Apple Inc. and Alphabet Inc., Google’s parent company, have managed to make huge amounts of obscene amounts of money in any environment, pandemic or not. But the paths for the two tech giants may start to diverge later this year.
Both companies reported blowout figures Tuesday night that far exceeded Wall Street expectations. Apple posted adjusted earnings per share of $ 1.30, compared to an average analyst estimate of $ 1.01, resulting in a quarterly profit of $ 21.7 billion for the three months ended June. Likewise, Alphabet generated earnings per share of $ 27.26, ahead of the consensus of $ 19.35, while generating a net profit of $ 18.5 billion for its second quarter. Shares of Apple fell in after-hours trading, while shares of Alphabet rose.
There is a logic behind the reactions. No two tech giants are the same, and it all comes down to their business models.

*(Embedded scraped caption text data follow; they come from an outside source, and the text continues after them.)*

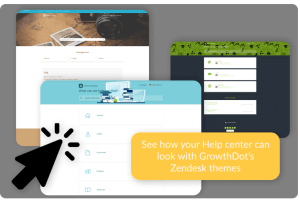 20 Help Center Designs that are Worth Stealing - GrowthDot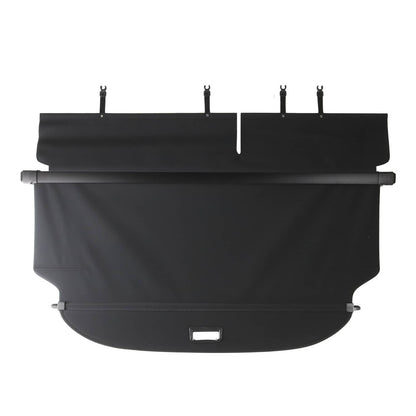 Solidspare Retractable Trunk Cargo Cover Luggage Shade Shield FIT Toyota Rav4 SUV 2013-2018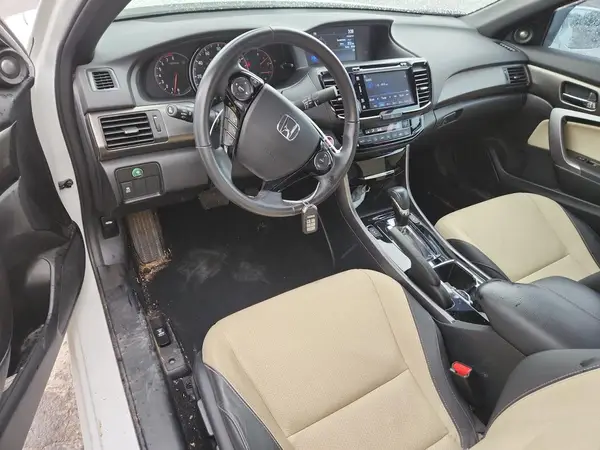 1HGCT2B80HA000056 2017 HONDA ACCORD - Image 8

Take Apple. Despite all the talk about its software and services businesses, the company’s foundation still rests on the iPhone. Despite strong sales results this quarter, investors are already thinking about how their next line of smartphones will perform. The problem is, there may be little reason to upgrade. Earlier this month, Bloomberg News reported that Apple plans to launch four models in September with minor feature enhancements and designs similar to last year. If true, it will be a huge disappointment compared to the current line of iPhone 12, which was Apple’s first with faster fifth-generation wireless capabilities.
And then there are the complications of the supply chain. For the second consecutive quarter, Apple executives said a shortage of components will affect their results. Uncertainty around next year may already be contributing to the underperformance of stocks this year.
On the other hand, Alphabet’s core business is more correlated to the overall economy than any particular product launch. Because most of your sources of profit come from your dominant search engine, you also have extensive exposure. That means that as reopenings continue in the coming quarters and the world returns to normal, Google’s advertising business should improve.
Beyond digital ads, Alphabet’s Google Cloud offering is also thriving, with revenue growing 54% in the June quarter from a year earlier. The unit has earned a reputation for its cutting-edge artificial intelligence tools and better integration with open source software technologies than its rivals. And while it’s smaller than Amazon Web Services and Microsoft Corp.’s Azure, it has clearly emerged as a viable third player.
Of course, both tech companies are under regulatory scrutiny. Governments around the world are investigating Apple’s App Store business practices, while Alphabet has been sued by the Justice Department and state attorneys general. However, these processes are likely to take time to reach resolution.
Meanwhile, investors are focusing on intermediate business fundamentals, indicating that Alphabet is on firmer ground relative to Apple. That seems to be a wise choice.